Türkiye’de erken veya baskın olacak mı, ne zaman olacak tartışmaları uzun süredir devam ediyor. Cumhurbaşkanı Erdoğan’ın son müdahaleleri için “seçim ekonomisi” yorumları sıklaştı...

İSTANPOL Direktörü, Siyaset Bilimci Seren Selvin Korkmaz, önümüzde zorlu bir yol olacağını söylüyor:

“Erken veya baskın seçim olmasa dahi seçim atmosferine giriyoruz. İktidar ayakta kalma mücadelesi veriyor. Daha önce de gördüğümüz kriz ve kaos beklenebilir. Muhalefet cephesindeyse yeni ittifaklar görebiliriz, parlamenter sistem ve ekonomi alanında daha somut önerilerin şekillenmesi öngörülebilir.”  

Bu arada İskoçya bağımsızlık referandumuna hazırlanıyor,


İklim politikaları

BEBEK YAPANLARIN SAYISI AZALIYOR- TÜRKİYE’DE DE

Dünyanın gidişatına dair yaşanan umutsuzluktan mıdır, yoksa ekonomik şartlardan mı, kestirmek güç.
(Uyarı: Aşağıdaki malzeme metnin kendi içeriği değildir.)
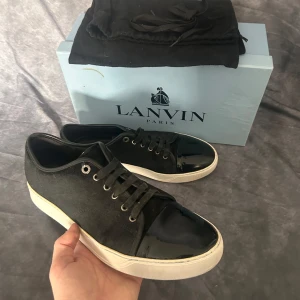 Lanvin toecap sneaker - Mycket fint skick | Size UK 10 passar 44 | box snören och dustbags medföljer | Följare får 100 kr rabbat | fraktar spårbart inom 24 timmar med PostNord eller instabox | 
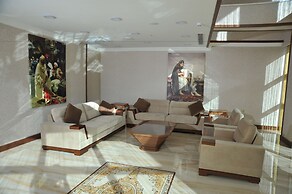 Asuris Hotel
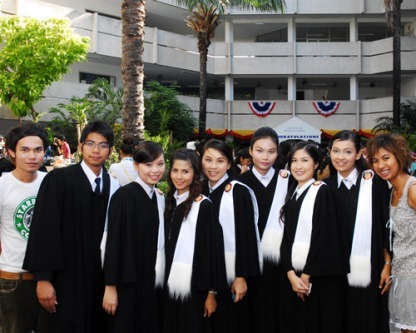 ชุดครุยธรรมศาสตร์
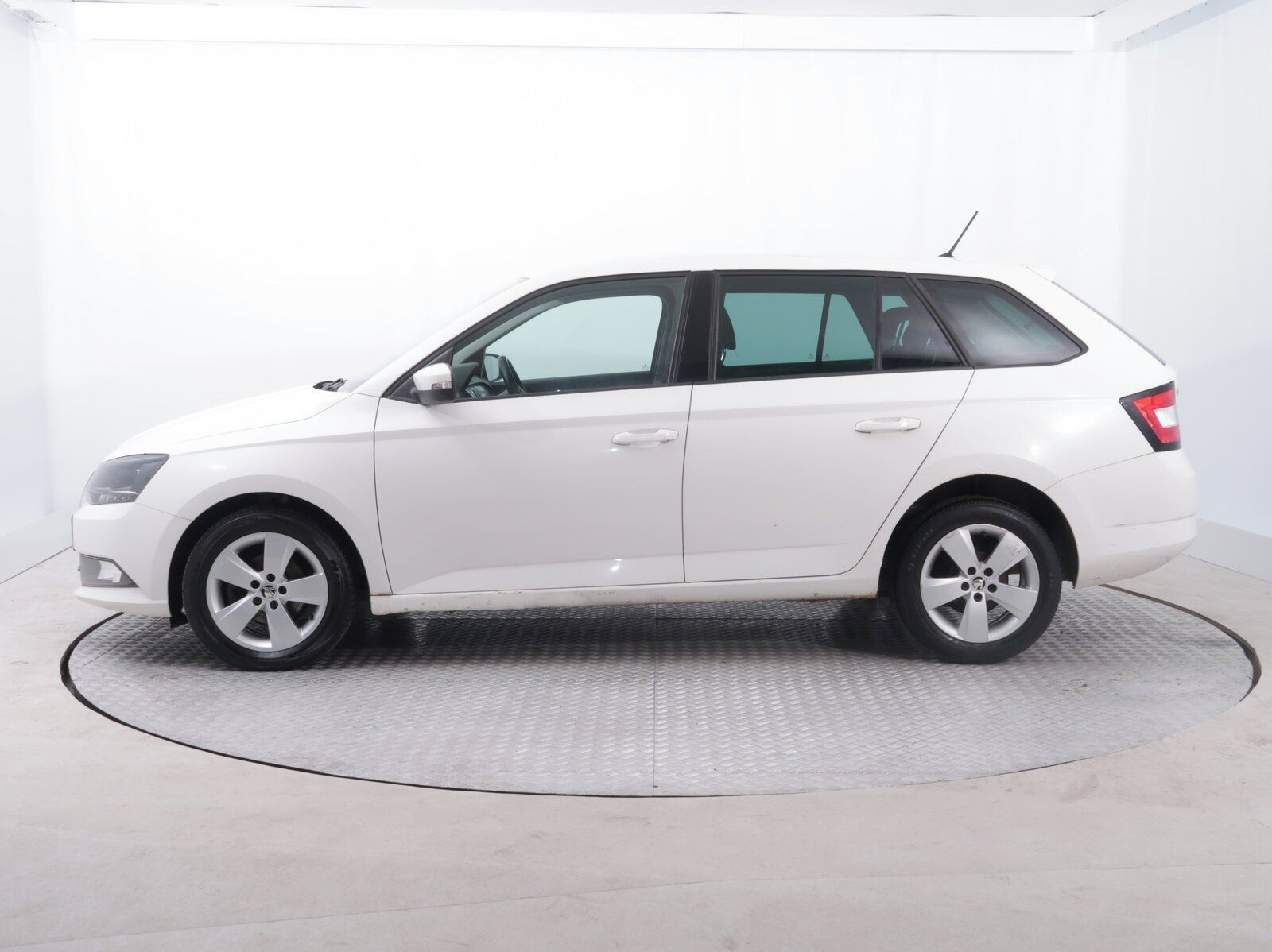 Škoda Fabia, 1.4 TDI, Style, po STK - fotka 3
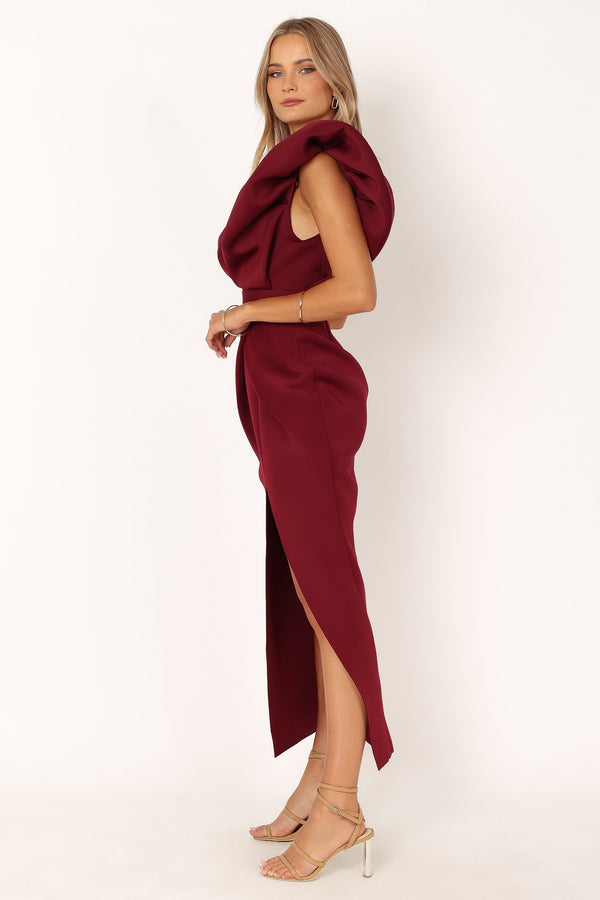 Petal and Pup USA DRESSES Augie Frill Shoulder Maxi Dress - Burgundy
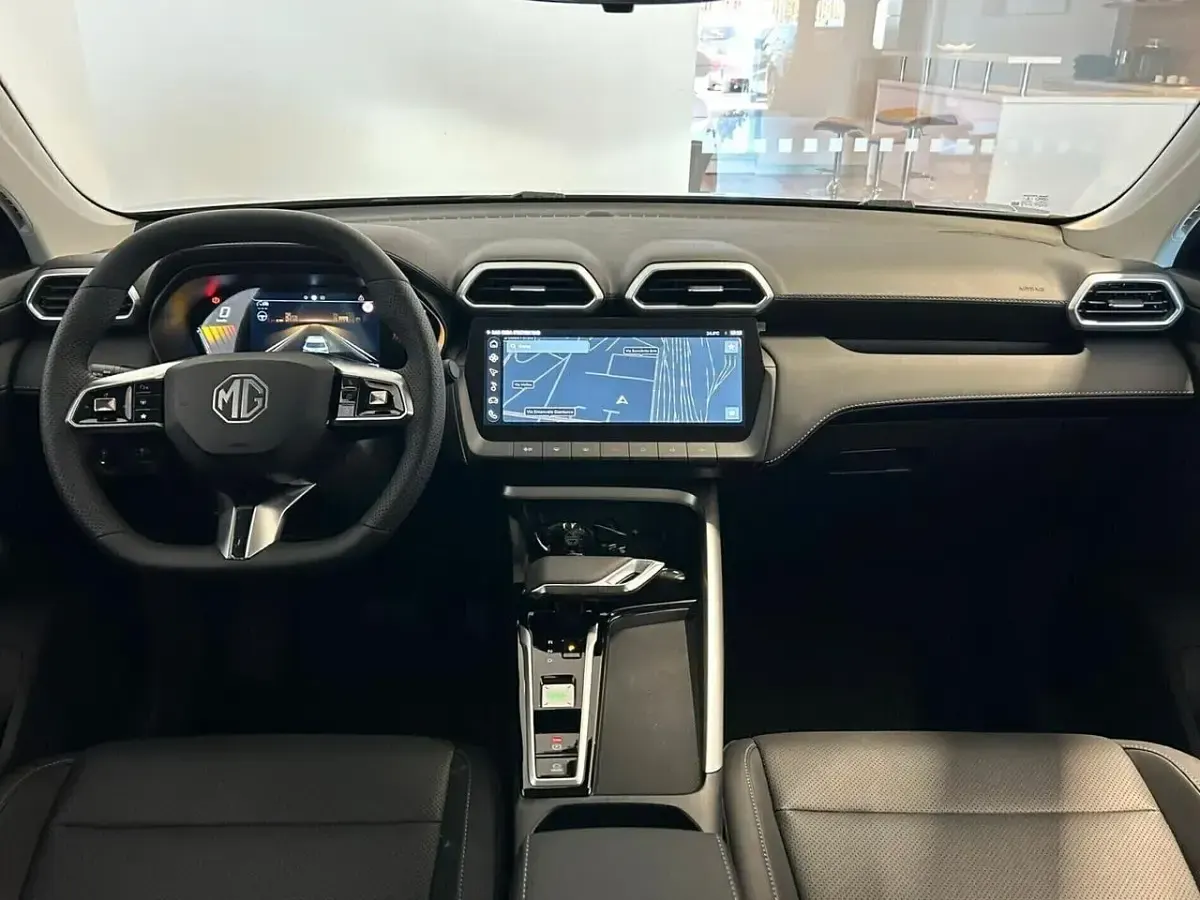 Usata MG ZS Luxury 197 CV (144 kW) 2025 Nero SUV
Fakat Pandemide doğum oranlarının artması beklenirken, tersi oldu yani azaldı.

Türkiye’de de 2015’ten bu yana doğum sayısı azalma eğiliminde.
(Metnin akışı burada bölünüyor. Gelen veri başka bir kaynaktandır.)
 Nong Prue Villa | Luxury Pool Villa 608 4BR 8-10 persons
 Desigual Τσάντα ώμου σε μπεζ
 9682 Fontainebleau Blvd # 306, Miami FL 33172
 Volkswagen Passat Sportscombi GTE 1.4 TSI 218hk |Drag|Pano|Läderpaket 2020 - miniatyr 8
Doğum oranlarının küresel olarak düşmesi, Çin gibi dev ekonomilerde dahi ekonomik büyümenin yavaşmasına neden oluyor. Uzun vadede istihdam edilecek nüfusun da azalması demek bu. 2020’de çalışan nüfusu azalan ülke sayısı 17 iken geçen yıl 51’e yükseldi.

HİBRİT ÇALIŞMA HAYATI

Malumunuz, pandeminin en büyük etkilerinden biri çalışma ve eğitim alanında oldu. The Economist’e göre 2022, “hibrit çalışma”nın yılı olacak. Yani beyaz yakalılar için haftanın belli günlerinde ofiste, belli günlerinde evde çalışma yeni normal sayılacak.
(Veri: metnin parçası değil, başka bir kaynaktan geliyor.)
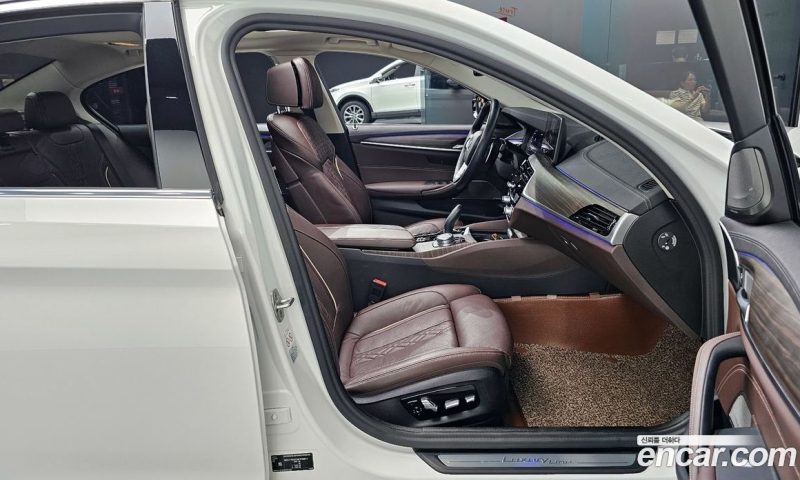 BMW 5-Series i530 Luxury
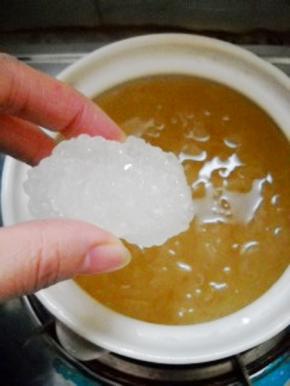 加入冰糖，再炖10分钟，至糖化。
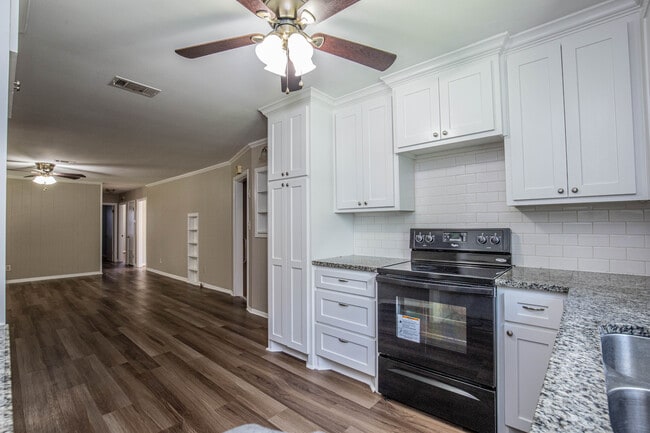 Building Photo - 8805 Woodway Dr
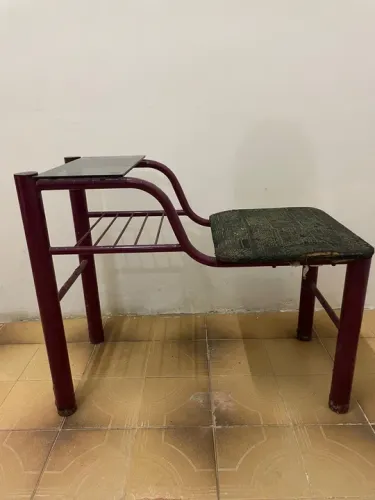 Mesinha de telefone com assento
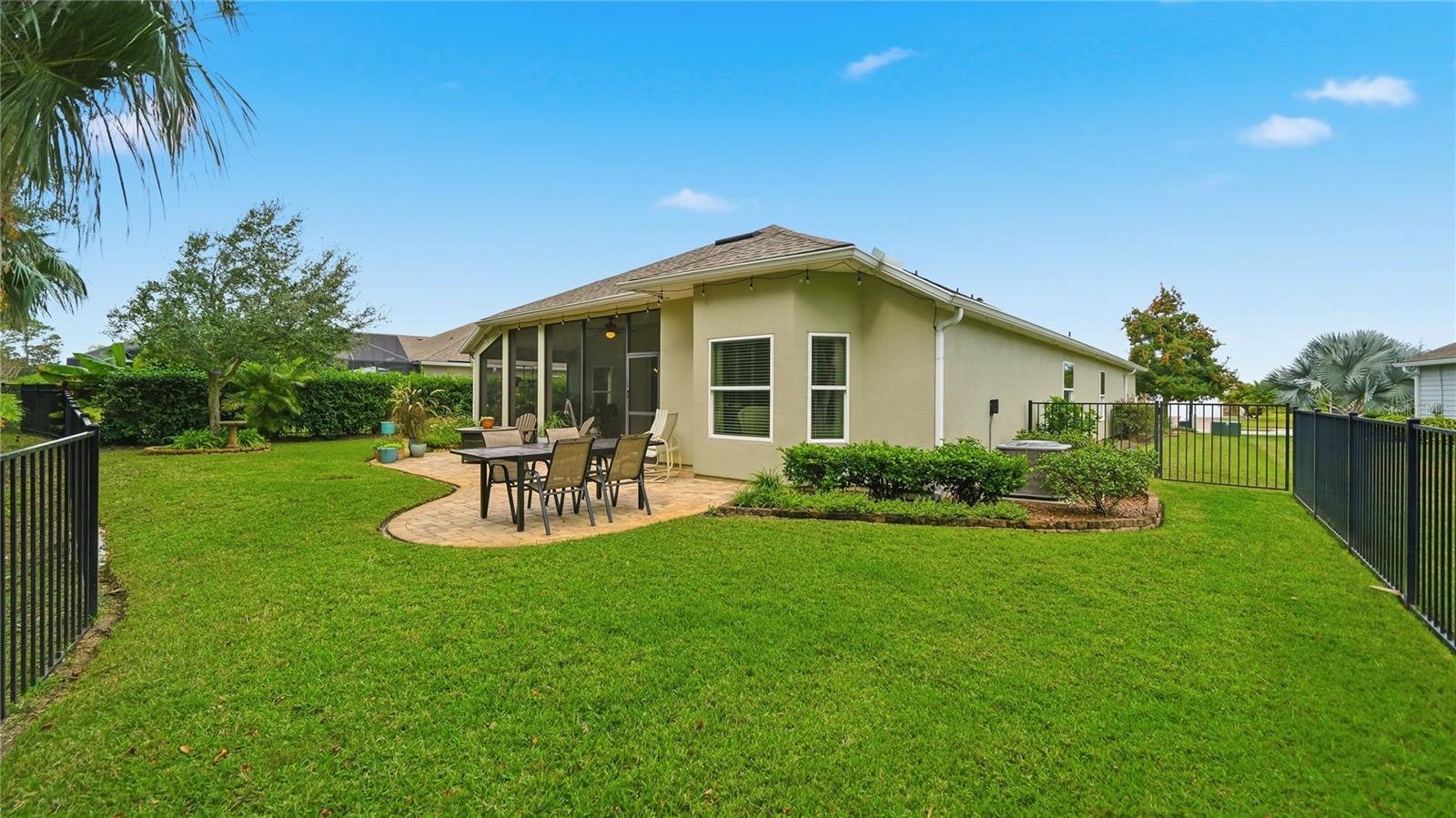 COUNTRY CLUB HARBOR - Residential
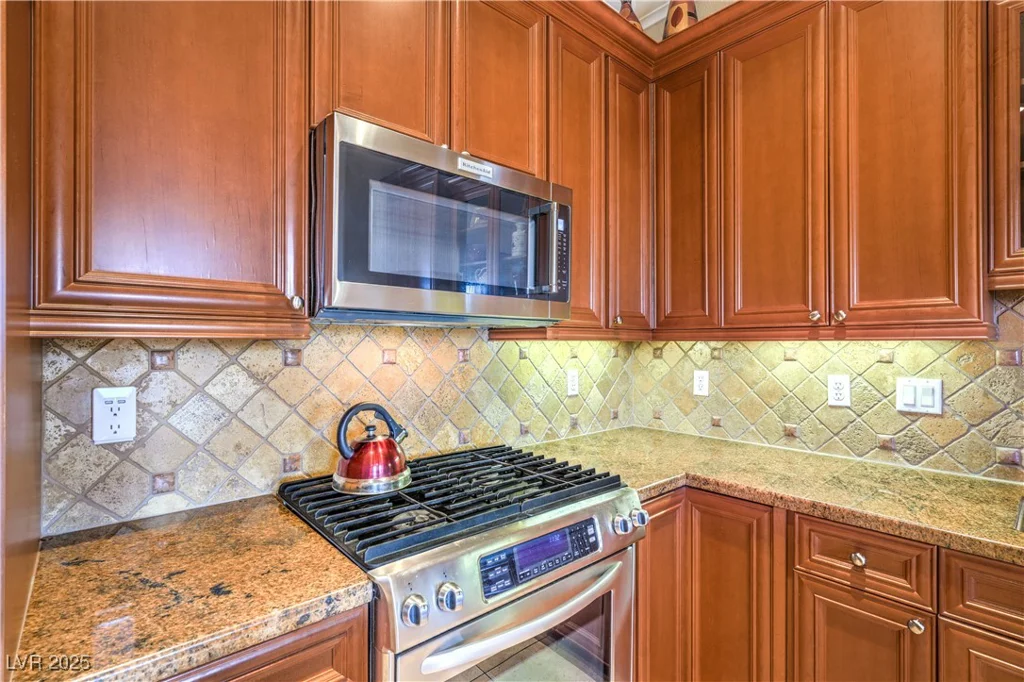 10 Via Visione, Henderson, NV 89011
Yapılan araştırmalara göre evden çalışmayı daha çok kadınlar ve azınlıklar tercih ediyor. burada dezavantajlardan kaynaklanan bir durum görüyorum: Evden çalışmak zor olsa da çocuk ve yaşlı bakımı gibi yükleri de genelde kadınlar üstlenmek zorunda. Erkeklerse evde çalışamadığı, dikkatinin dağıldığından şikayet ediyor.

Öte yandan dijital servislerin pandemide yaygınlaşması, küresel üretkenliğein artmasına neden olmadı. Amerika’da yapılan bir araştırmaya göre evden çalışma saatleri artarken üretkenlik azaldı.